- Episode no.: Season 5 Episode 1
- Directed by: James L. Conway
- Written by: Ira Steven Behr; Robert Hewitt Wolfe;
- Production code: 499
- Original air date: September 30, 1996

Guest appearances
- Marc Alaimo as Dukat; Robert O'Reilly as Gowron; J. G. Hertzler as Martok; Casey Biggs as Damar; John Lendale Bennett as Towering Klingon; Robert L. Zachar as Head Guard; Robert Budaska as Burly Klingon; Ivor Bartels as Young Klingon; Tony Epper as Drunken Klingon;

Episode chronology
| ← Previous "Broken Link" | Next → "The Ship" |
- Star Trek: Deep Space Nine season 5

= Apocalypse Rising =

"Apocalypse Rising" is the 99th episode of the television series Star Trek: Deep Space Nine, the first episode of the fifth season. The episode was directed by James L. Conway, and written by Ira Steven Behr and Robert Hewitt Wolfe.

Set in the 24th century, the series follows the adventures of the crew of the space station Deep Space Nine, operated jointly by the United Federation of Planets and the planet of Bajor. In the middle seasons of the series, the Federation is under threat from both the Klingon Empire and an empire known as the Dominion, which is ruled by the shape-shifting Changelings. In this episode, suspecting that a Changeling is impersonating the Klingon chancellor Gowron, the Deep Space Nine crew undertake a mission to expose the impostor. This storyline is a continuation from the events in the season 4 finale, "Broken Link".
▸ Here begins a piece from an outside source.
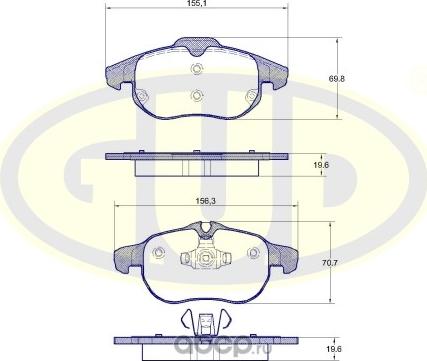 G.U.D. GBP088800 - Bremsbelagsatz, Scheibenbremse alexcarstop-ersatzteile.com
"Apocalypse Rising" was seen by about 5.5 million viewers when it debuted.

==Plot==
Having learned from security chief Odo that a Changeling has taken Gowron's form and is now in control of the Klingon Empire, Captain Benjamin Sisko is ordered by Starfleet Command to expose the impostor. He, Odo, Miles O'Brien, and Worf must infiltrate Ty'Gokor, the headquarters of the Klingon military, disguised as Klingon candidates for the "Order of the Bat'leth". They are given four devices which, when activated, will emit radiation which will force any nearby Changeling to revert to its gelatinous state. Gul Dukat escorts them to Ty'Gokor in his captured Klingon Bird of Prey.

The four arrive at the Hall of Warriors, where the all-night party before the induction ceremony has already begun, and try to blend in. When General Martok, second in command to Gowron, arrives, the four scramble to set up their radiation emitters. Gowron arrives and begins issuing the awards. When Sisko is called to receive his award, he attempts to activate the emitters, but is knocked to the floor by Martok, who has finally recognized them and has them thrown in a security cell.

Once they are alone, Martok confides to Sisko that he too believes that Gowron is an impostor. With the emitters destroyed, the only way to expose Gowron is to kill him. Martok releases Sisko and his group and leads them back to the Hall of Warriors. Worf challenges Gowron to a one-on-one duel. Martok wonders why Sisko does not shoot Gowron outright. Odo observes that Gowron chose to fight Worf in single combat, thus showing Klingon honor, while Changelings do not care for honor; he concludes that the Changeling is not Gowron, but Martok. Just when Worf is about to kill Gowron, Odo reveals the false Martok to the crowd, and the Klingons open fire, quickly destroying the Changeling.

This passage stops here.